For there to be salvage remuneration, the ship must be in danger at the time the salvage assistance is provided. From the requirement that the salvage assistance must concern a ship in danger, it follows that the danger of the assisted ship must have existed at the time of the assistance. This also follows from the fact that the rules, both of art 552 DCC and of the Salvage Convention 1910, only attach a claim for salvage remuneration to assistance that is provided to ships in danger which has a useful result; for this implies that only that assistance which puts the assisted ship out of danger, or at least contributes to it, is to be rewarded.
Salvage assistance by a ship or its crew can only be deemed to exist if the ship or its crew provide services as a result of which the ship in distress is rendered safe, or at least contributes towards such safety. To that end, the assisting ship or its crew will have to be in such a position in relation to the assisted ship that they are able to perform those services. This does not prevent the time, effort, and expense involved in reaching that position from being taken into account when determining the salvage remuneration.
In light of the above, the Court of Appeal's opinion that the sailing of the Haabrand to the Zwaardvis cannot in itself be regarded as assistance to the Zwaardvis does not demonstrate that it erred in law. The fact that the Haabrand set sail at the request of the Zwaardvis, and that it attached itself to the Zwaardvis with the consent of the commander of the Zwaardvis and towed the Zwaardvis to Stavanger, does not in itself mean that the Court's judgment is incorrect.
Nor did the Court of Appeal err in law by determining, in order to answer the question whether the Zwaardvis was in danger at the time the Haabrand threw a line to it, whether the Zwaardvis was able to extricate itself from the danger situation under its own power, also in view of the weather forecast and its position in relation to the coast, by taking relevant measures on board.

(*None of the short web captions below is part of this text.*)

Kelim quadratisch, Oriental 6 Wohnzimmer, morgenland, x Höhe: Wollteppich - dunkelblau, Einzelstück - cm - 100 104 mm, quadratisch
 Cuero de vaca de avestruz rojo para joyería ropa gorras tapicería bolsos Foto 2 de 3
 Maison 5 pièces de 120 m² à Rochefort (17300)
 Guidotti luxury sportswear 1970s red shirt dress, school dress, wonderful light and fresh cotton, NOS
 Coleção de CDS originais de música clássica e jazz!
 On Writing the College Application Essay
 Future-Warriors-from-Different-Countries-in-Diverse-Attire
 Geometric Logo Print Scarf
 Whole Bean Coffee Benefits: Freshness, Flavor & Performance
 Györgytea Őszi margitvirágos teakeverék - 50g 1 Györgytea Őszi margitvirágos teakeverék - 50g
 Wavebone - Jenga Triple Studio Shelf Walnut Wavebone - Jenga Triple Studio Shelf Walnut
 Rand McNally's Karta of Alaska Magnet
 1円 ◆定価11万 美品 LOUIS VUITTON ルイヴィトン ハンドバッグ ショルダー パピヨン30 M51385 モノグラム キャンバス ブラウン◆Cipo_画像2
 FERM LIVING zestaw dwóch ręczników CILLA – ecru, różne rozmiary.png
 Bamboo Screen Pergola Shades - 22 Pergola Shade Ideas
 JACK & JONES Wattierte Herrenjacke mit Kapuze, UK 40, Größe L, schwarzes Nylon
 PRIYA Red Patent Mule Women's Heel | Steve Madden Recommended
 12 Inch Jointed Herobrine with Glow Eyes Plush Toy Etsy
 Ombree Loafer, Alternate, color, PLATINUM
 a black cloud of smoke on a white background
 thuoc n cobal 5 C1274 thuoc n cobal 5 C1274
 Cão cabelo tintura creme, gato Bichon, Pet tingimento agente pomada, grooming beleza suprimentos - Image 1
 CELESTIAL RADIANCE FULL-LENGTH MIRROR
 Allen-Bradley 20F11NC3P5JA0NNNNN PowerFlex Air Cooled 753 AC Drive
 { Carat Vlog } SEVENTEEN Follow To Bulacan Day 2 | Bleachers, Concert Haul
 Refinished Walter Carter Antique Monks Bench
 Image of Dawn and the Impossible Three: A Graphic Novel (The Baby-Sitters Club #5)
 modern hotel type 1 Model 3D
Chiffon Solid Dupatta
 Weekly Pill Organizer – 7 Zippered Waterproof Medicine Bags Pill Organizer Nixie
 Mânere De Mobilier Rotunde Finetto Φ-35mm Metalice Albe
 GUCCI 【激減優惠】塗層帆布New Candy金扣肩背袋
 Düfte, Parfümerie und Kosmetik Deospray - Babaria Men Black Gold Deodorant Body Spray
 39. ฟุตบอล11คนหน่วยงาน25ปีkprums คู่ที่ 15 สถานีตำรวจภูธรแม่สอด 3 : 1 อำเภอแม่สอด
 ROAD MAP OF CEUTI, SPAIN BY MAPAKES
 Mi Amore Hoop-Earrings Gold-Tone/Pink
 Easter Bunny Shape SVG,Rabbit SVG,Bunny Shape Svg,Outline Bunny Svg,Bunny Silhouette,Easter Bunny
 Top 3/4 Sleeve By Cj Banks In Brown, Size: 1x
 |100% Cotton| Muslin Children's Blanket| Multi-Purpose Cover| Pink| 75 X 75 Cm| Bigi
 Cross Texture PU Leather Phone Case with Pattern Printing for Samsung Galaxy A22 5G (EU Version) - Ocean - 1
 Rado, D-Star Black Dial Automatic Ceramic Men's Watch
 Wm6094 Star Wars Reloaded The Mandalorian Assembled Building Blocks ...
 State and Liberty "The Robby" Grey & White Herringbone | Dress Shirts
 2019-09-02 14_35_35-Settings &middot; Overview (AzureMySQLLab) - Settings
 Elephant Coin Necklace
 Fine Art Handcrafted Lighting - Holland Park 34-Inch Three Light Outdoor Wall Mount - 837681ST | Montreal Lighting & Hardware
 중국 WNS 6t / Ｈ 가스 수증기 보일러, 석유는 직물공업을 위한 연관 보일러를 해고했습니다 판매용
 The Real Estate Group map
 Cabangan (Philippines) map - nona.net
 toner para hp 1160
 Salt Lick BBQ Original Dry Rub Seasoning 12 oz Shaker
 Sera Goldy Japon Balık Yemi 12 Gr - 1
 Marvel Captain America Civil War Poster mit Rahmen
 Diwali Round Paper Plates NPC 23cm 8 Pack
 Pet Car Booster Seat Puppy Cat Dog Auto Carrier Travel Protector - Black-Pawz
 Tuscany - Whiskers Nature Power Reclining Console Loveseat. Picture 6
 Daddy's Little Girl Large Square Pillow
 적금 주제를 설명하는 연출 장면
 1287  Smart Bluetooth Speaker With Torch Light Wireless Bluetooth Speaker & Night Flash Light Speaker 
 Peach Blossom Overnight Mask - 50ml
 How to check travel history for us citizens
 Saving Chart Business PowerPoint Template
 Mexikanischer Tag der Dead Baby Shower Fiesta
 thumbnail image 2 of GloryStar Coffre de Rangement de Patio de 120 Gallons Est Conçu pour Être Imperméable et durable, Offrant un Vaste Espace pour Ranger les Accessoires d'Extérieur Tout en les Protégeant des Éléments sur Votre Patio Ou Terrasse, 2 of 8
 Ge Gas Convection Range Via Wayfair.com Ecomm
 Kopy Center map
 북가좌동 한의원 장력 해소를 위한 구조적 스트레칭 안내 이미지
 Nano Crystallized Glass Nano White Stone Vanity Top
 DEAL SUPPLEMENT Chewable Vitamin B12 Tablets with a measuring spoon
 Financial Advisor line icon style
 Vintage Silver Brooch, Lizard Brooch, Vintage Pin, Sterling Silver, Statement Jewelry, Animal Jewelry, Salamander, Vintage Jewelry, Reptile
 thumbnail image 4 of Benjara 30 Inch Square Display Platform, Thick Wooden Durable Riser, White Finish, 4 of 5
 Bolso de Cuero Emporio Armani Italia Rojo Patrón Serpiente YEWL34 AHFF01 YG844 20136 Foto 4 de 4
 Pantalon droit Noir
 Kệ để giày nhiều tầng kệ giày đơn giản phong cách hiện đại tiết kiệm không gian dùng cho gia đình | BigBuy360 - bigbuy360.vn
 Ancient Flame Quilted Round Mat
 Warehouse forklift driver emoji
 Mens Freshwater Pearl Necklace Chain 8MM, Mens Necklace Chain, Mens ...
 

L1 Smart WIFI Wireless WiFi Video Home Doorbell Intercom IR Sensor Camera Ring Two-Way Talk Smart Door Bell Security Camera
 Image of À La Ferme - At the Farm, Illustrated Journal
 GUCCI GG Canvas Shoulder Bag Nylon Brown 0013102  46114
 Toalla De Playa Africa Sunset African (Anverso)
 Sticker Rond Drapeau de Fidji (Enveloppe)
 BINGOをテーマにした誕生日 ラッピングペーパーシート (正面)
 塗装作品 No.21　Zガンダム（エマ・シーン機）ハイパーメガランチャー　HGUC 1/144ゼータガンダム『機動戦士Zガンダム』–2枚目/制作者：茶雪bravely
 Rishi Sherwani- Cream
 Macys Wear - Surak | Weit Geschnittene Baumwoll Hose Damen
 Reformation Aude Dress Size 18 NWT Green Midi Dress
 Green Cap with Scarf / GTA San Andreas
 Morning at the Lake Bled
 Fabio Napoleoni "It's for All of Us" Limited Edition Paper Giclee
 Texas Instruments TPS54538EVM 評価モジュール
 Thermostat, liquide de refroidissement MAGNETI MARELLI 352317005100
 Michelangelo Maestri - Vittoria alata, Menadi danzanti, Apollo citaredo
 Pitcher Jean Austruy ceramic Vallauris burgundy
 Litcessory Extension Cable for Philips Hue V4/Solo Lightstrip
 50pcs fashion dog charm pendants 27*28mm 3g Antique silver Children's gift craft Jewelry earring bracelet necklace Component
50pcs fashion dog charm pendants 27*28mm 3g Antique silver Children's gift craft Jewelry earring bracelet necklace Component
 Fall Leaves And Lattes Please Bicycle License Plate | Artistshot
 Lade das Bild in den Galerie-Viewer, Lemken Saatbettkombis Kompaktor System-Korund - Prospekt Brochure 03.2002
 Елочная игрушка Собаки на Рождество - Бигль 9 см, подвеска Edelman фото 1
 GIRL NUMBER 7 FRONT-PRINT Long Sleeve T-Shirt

However, in finding that at the time the line was thrown, the Zwaardvis would be able to sail on its battery power again within a few hours, and subsequently reach Stavanger at a speed of 4 mph, yet failing to take into account that at the time of connecting, the Zwaardvis would have drifted further away from Stavanger under the influence of a moderate to fairly strong wind, nor (in connection therewith) the number of hours needed to get the battery 'up to speed' again, the Court of Appeal (also in view of the State's contention that a higher speed was possible, but would require more energy, and that this would have made reaching Stavanger uncertain) did not provide any insight into its reasoning leading to its finding that the Zwaardvis would be able to cover the (now increased) distance to Stavanger under its own power, and that it was therefore not in danger at the time of connecting.
Furthermore, the Court of Appeal should not have left open the correctness of the Haabrand's assertion that the Zwaardvis sailing at 4 mph could not be steered properly. After all, the correctness of that assumption is essential to the Court's aforementioned conclusion.
If, with regard to the equipment which came into contact with seawater, there was an opportunity to eliminate or limit the harmful effects of that contact, the risk of that opportunity being lost also constitutes a danger to the equipment.